Shards build
The build of shards
failed. We were aware of issues with the shards build process (Current nightly build of `shards` is broken · Issue #330 · crystal-lang/distribution-scripts · GitHub), but previously the problem was that the binary was linked dynamically instead of statically. In this release process’ tarball the binary didn’t even exist.
I don’t recall whether or how I verified the shards build. Considering we were aware of potentialy issues, I’m sure I did test it somehow, but didn’t write that down. It might’ve been the same test as in the Dockerfile, [ "$(ldd bin/shards 2>&1 | wc -l)" -eq "1"]
which unfortunately doesn’t fail when the file is missing entirely.
Anyway, the issue didn’t get noticed and the tarball with the broken shards
binary was published. And shortly after we received a bug report: Error: Error: spawn shards ENOENT · Issue #51 · crystal-lang/install-crystal · GitHub
At this point we did the following to contain the botched package:
- Put the GitHub release back into draft mode, hiding it from public view
- Reverted the docker tags
1
and1.14
to point to1.14.0
- Promoted the snap packages for 1.14.0 back to stable
The OBS packages were not published at this point anyway.
Then I triggered a rebuilt of the release workflow in CircleCI. This didn’t help though because it botched again.
I also built the tarball locally which succeeded with a correctly linked shards binary. So I proceeded with publishing the locally built tarball as package iteration 2, and removed the original tarballs (iteration 1) from the release.

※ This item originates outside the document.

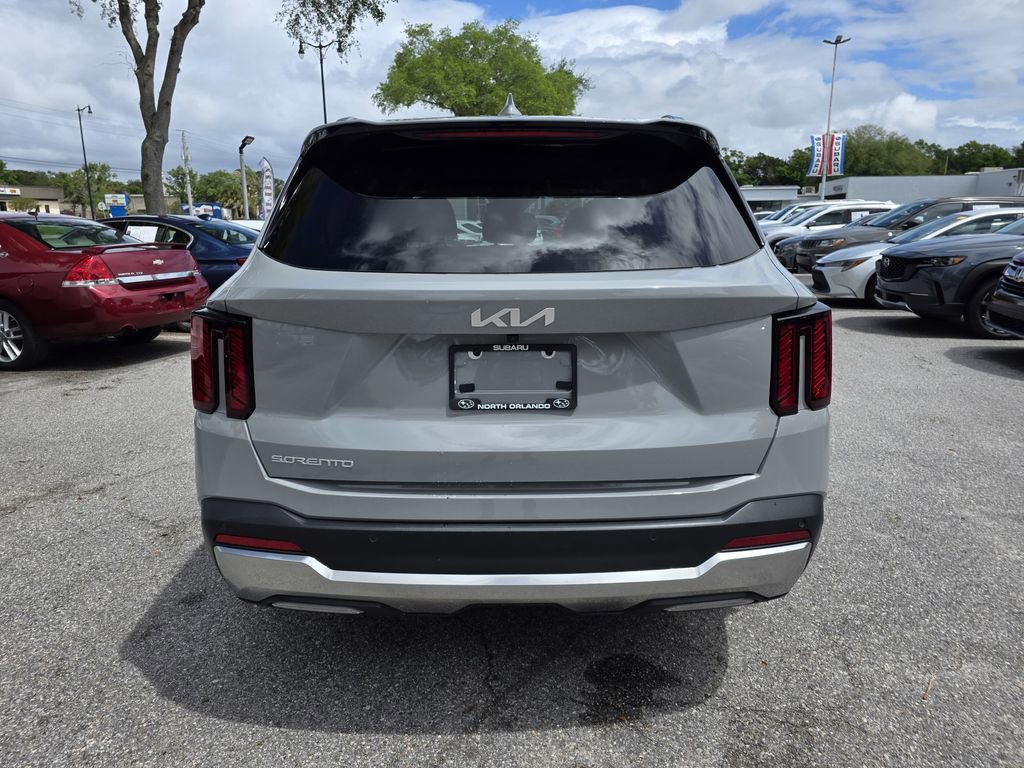 Used 2025 Kia Sorento S w/ Panoramic Sunroof Package image 4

Later I noticed that I had used the master version of distribution-scripts
which was intended to be used for releasing 1.15, not 1.14. It included some relevant changes such as the update to shards 0.19.0 which was not supposed to be rolled out with 1.14.1.
With the correct version of distribution-scripts
I was unable to produce a correct build for the generic tarball. It wouldn’t spit out a statically-linked shards binary.
I tried a couple of times. Locally and in circleci. I have cleaned the docker cache. I’ve added debug output to the dockerfile. There it says it’s statically linked. But in the exported tarball it’s suddenly dynamically linked.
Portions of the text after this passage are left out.